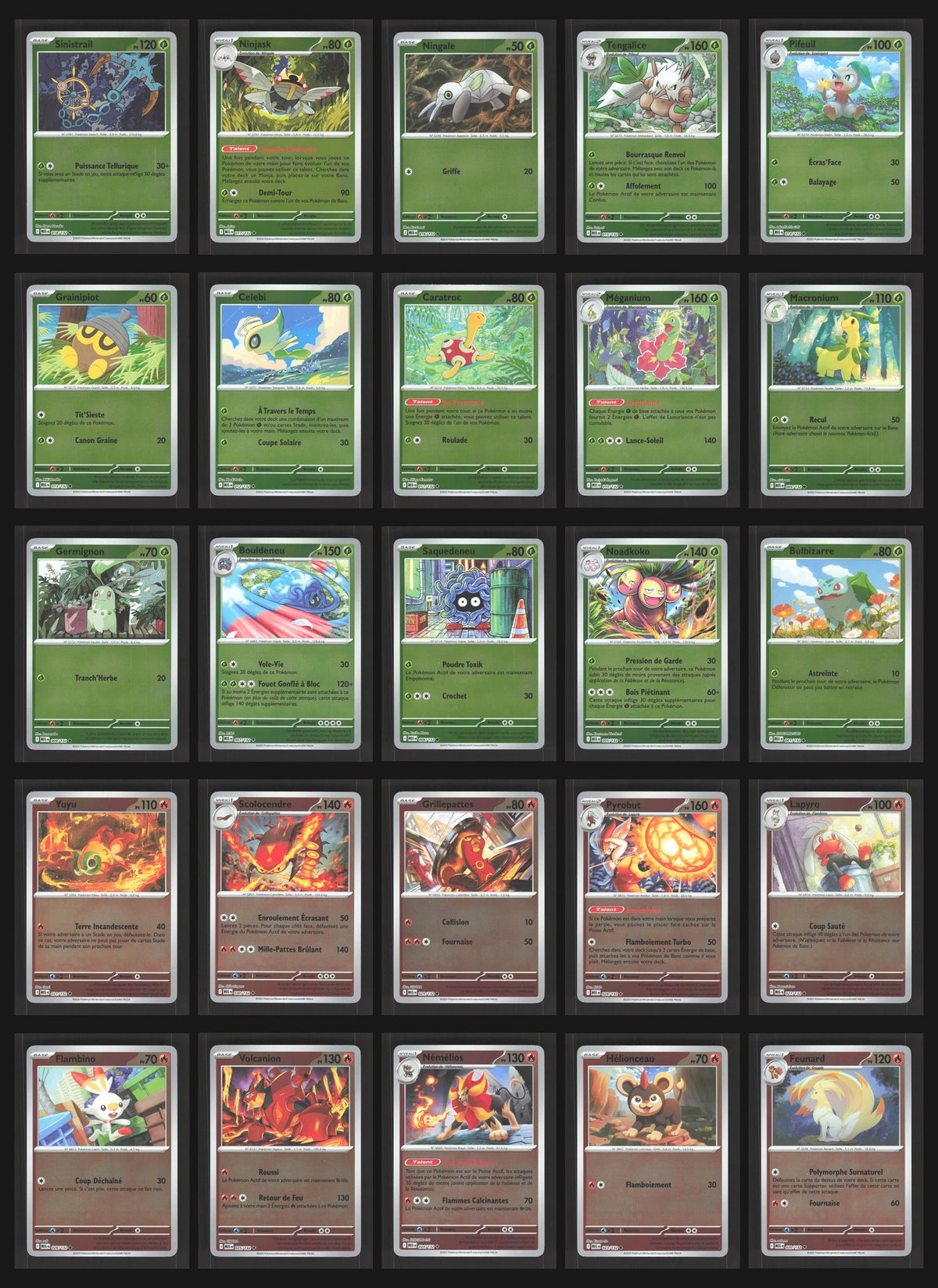 Lot de 110 Reverse ME1 (sans doublon)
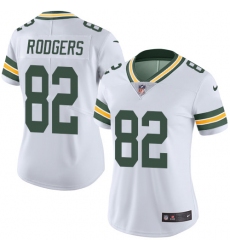 Women's Nike Green Bay Packers #82 Richard Rodgers Elite White NFL Jersey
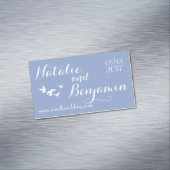Hochzeit | Hochzeitsseite und Datum Magnetische Visitenkarte (Beispiel)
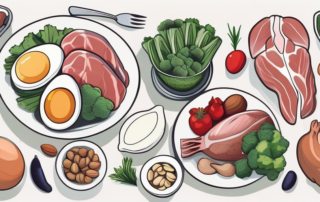 Various healthy foods such as lean meats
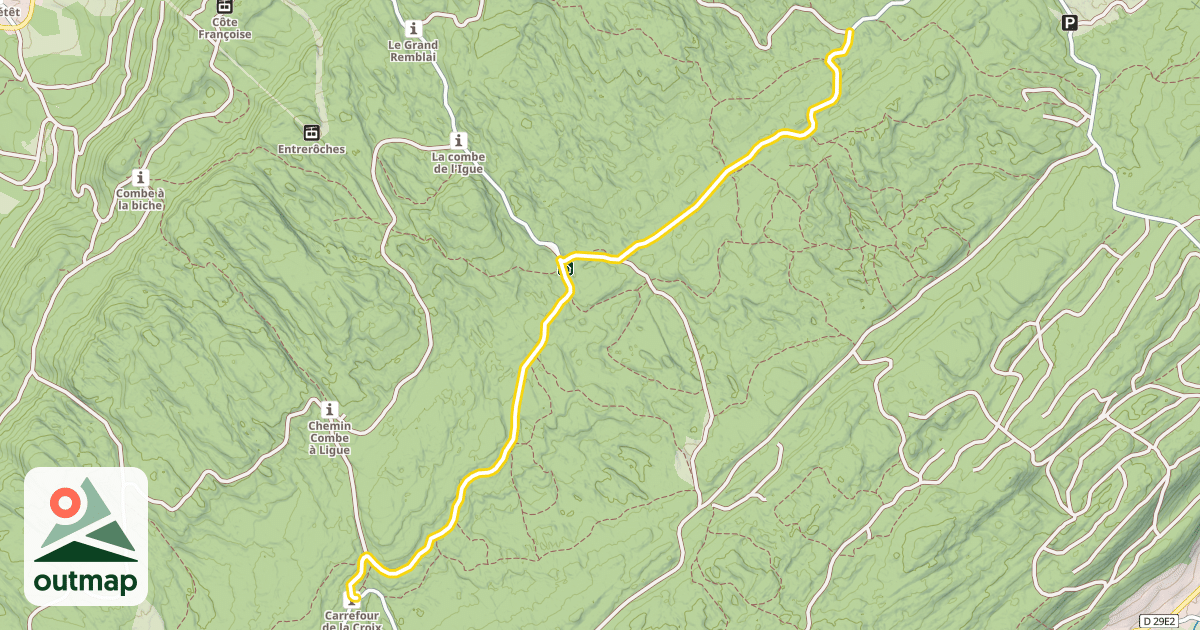 Map of Route de la Croix du Tronc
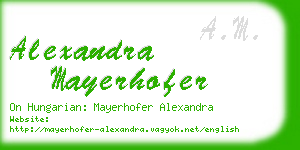 alexandra mayerhofer business card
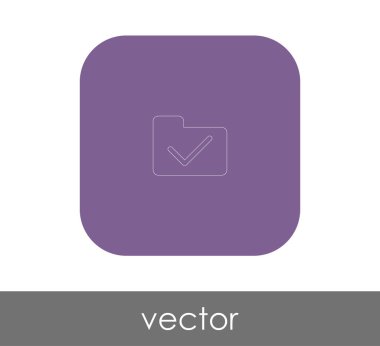 vektör çizim tasarım Klasör simgesinin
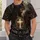 Radiant Thorn Crown Cross for Faithful Devotion and Everyday Christian Lifestyle Wear All-over Print Unisex T-shirt - 6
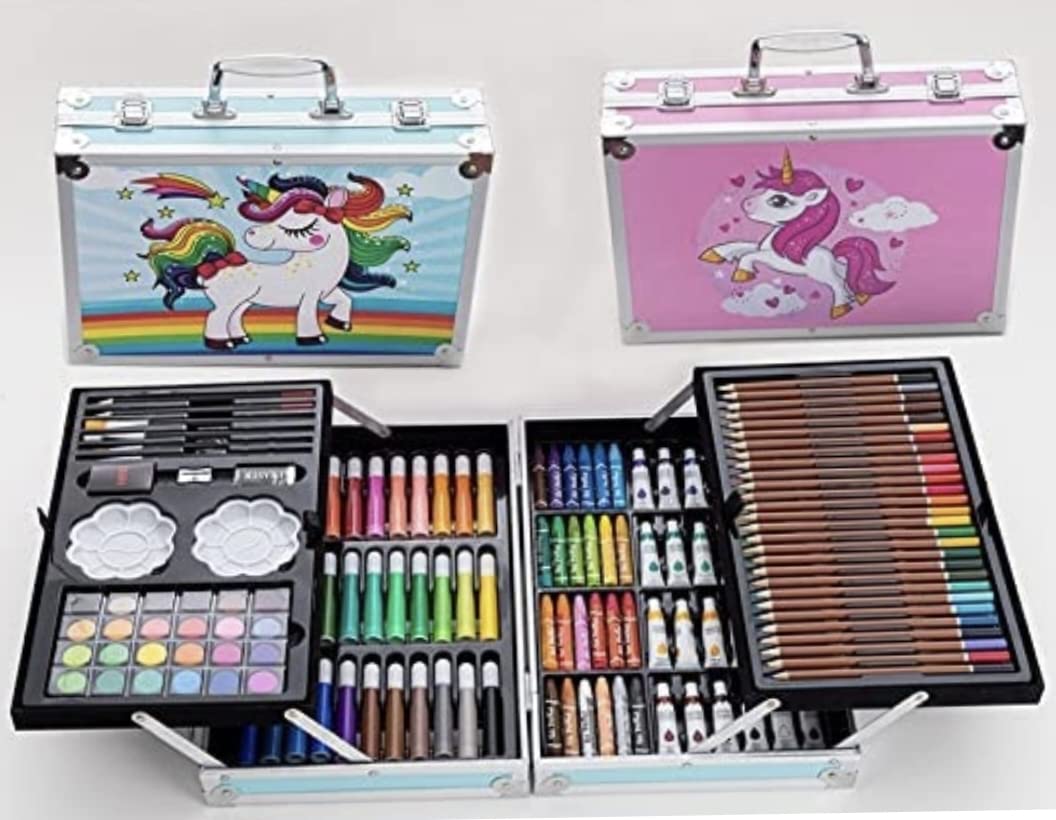 Picture of 145 PCS Unicorn Color Art set box for drawing 145 Art Set For Kids Mix Media Art set (Any Color) Picture of 145 PCS Unicorn Color Art set box for drawing 145 Art Set For Kids Mix Media Art set (Any Color)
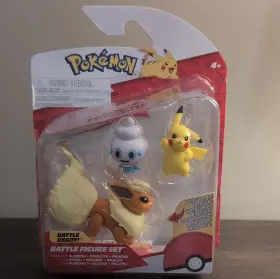 Pkw3611-071824-ka Jazwares Pok Mon Battle Figure Playset Flareon Vanillite And Pikachu New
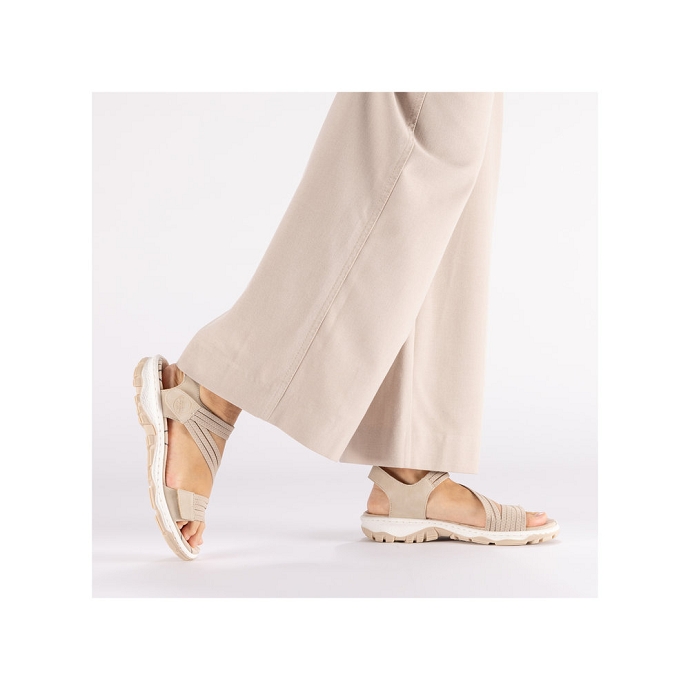 Rieker sandale 68871.62 beige2728001_2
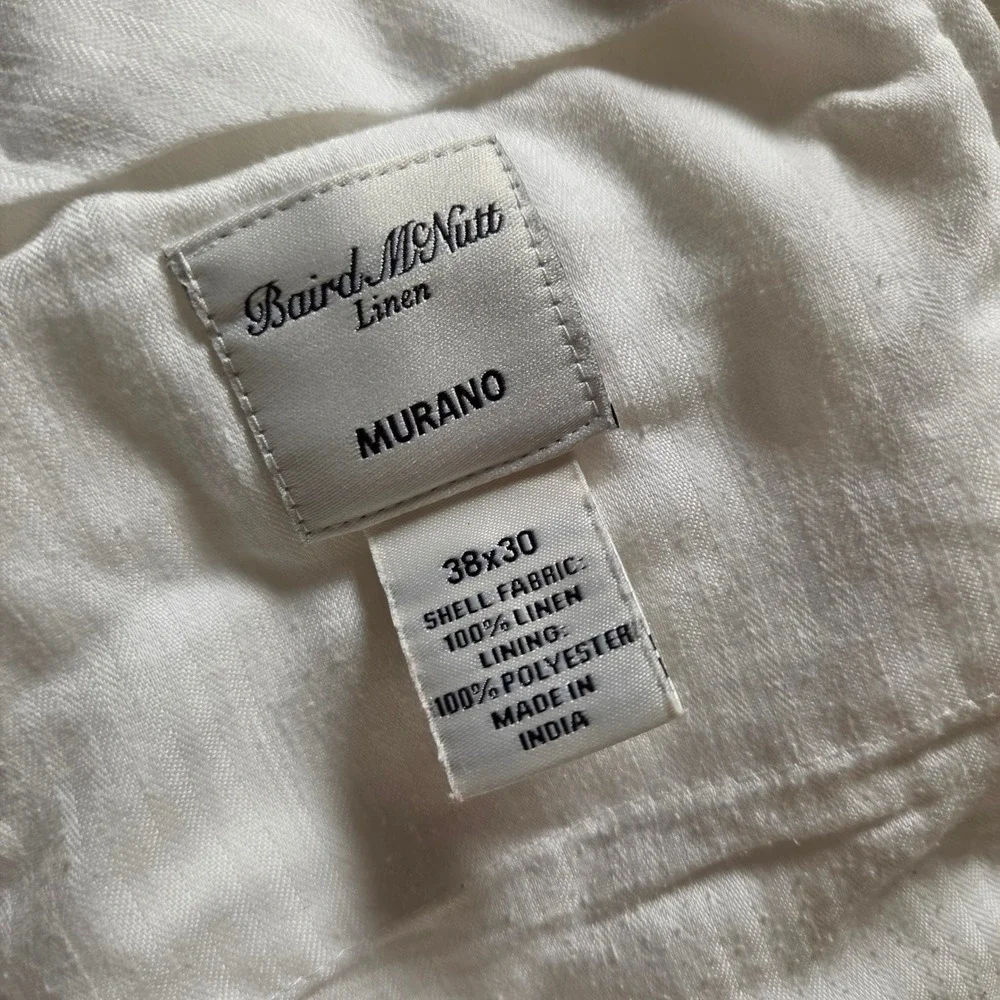 Murano Baird McNutt Irish Linen Dress Pants 38x30 Flat Front Cuffed Coastal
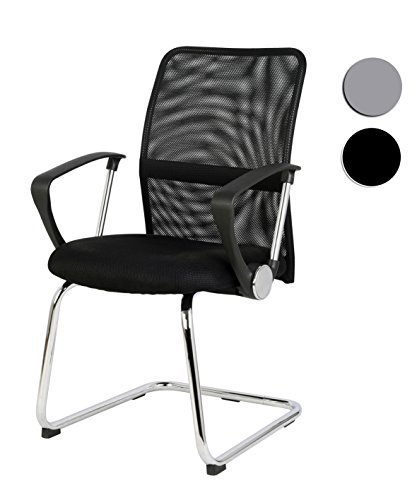 chaise de réunion chaise de conférence. Noir H-...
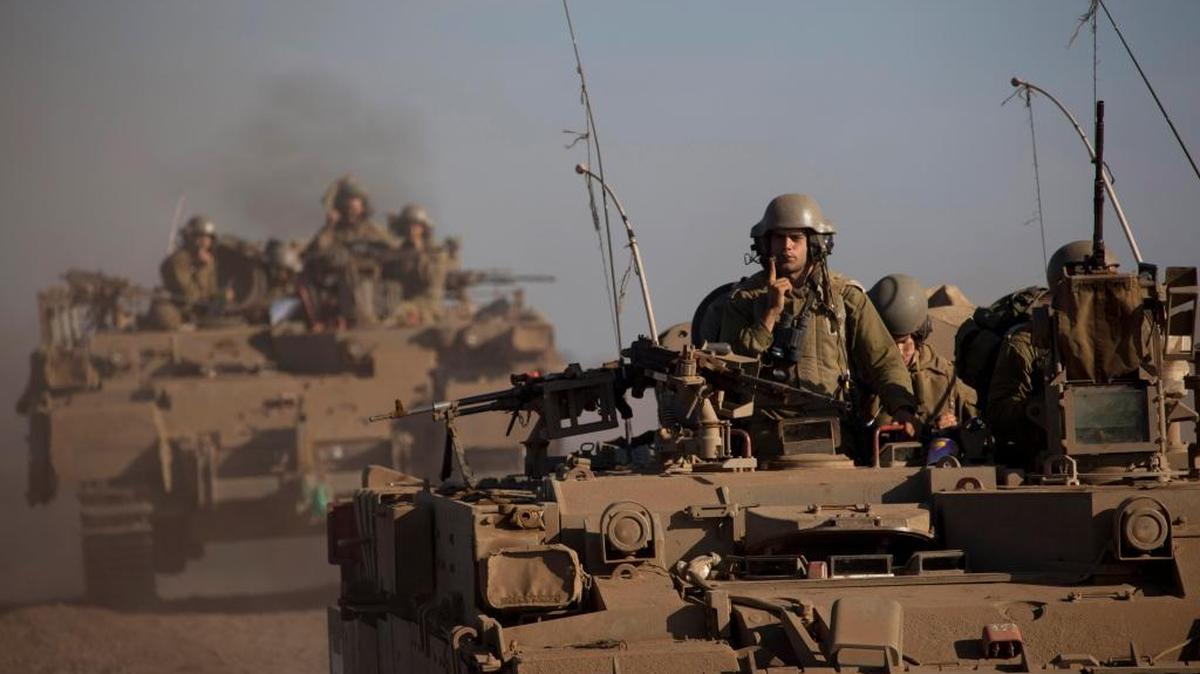 Soldados israelíes participan en ejercicios militares en las Alturas de Golán, capturadass en la Guerra de los Seis Días, en 1967. Esta semana se cumplen 50 años de la contienda.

◆ DIRECTIONS FOR THIS TASK
Reproduce the lines of the data that run from the one containing "Rieker sandale 68871.62 beige2728001_2" to the final line, both included, exactly as they appear and without the pictures.

◆ YOUR RESPONSE
 Rieker sandale 68871.62 beige2728001_2
 Murano Baird McNutt Irish Linen Dress Pants 38x30 Flat Front Cuffed Coastal
 chaise de réunion chaise de conférence. Noir H-...
 Soldados israelíes participan en ejercicios militares en las Alturas de Golán, capturadass en la Guerra de los Seis Días, en 1967. Esta semana se cumplen 50 años de la contienda.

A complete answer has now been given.